Wir verbrachten wir gute drei Stunden an der Grenze, mussten zweimal aus dem Bus aussteigen, zweimal wieder ein, die südafrikanischen Grenzbeamten stempelten unsere Ausreise, die namibischen 250m die Straße runter unsere Einreise. Also überall Schlange stehen, sich kritisch angucken lassen und in der Schlange zwei Schritte vorlaufen. Auch das Gepäck wurde einer gründlichen Untersuchung unterzogen oder besser gesagt, der ganze Bus. Denn an der Grenze stand tatsächlich eine Halle mit Röntgengerät, in die der ganze Bus hineinfahren musste. Bei dieser Prozedur fanden die (für die Uhrzeit doch sehr engagierten Grenzer) tatsächlich eine Ungereimtheit auf ihren Bildschirmen. Dummerweise hieß das, dass das gesamte Gepäck ausladen, um ein verdächtiges Fass zu untersuchen. In dem Fass befanden sich hochgefährliche Flaschen mit Oliven – oder Sonnenöl, die ein Passagier beim Zoll nicht angegeben hatte. Für ganze 200 Rand Zollgebühr (etwa 15 Euro) wären uns fast 1,5 Stunden nächtliches Rumstehen erspart geblieben. Einen Preis, den unsere Fünfergruppe ausgelegt hätte, hätten wir früher von dem Sachverhalts erfahren.

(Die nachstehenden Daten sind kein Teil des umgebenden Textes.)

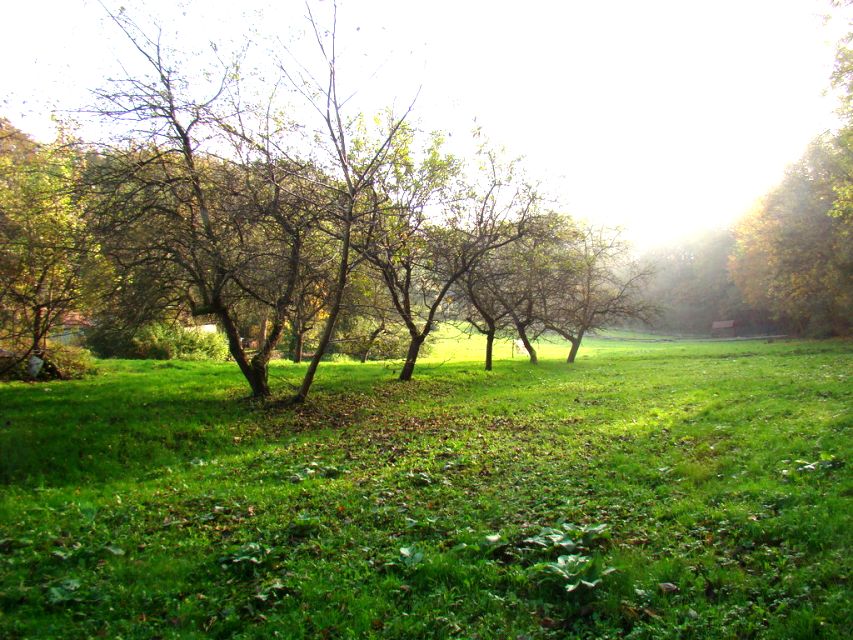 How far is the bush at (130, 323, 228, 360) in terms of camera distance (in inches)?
1051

Ziemlich übermüdet, ohne das Faß mit dem Öl, aber mit den wichtigen Einreisestempeln im Pass, ging es weiter. Falls einer der Leser in Nähe des Grenzübergangs wohnt, empfehle ich dort einen Shop oder ein Kaffee zu eröffnen. Man wäre (noch) konkurrenzlos und könnte Mondpreise verlangen, die Touristen mitten in der Nacht mit Sicherheit zahlen.

Am frühen Morgen kamen wir in Windhoek an und buchten uns unweit von Christina und Ian in ein B&B. Die namibische Hauptstadt sollte nur unser Drehkreuz für weitere Abenteuer werden.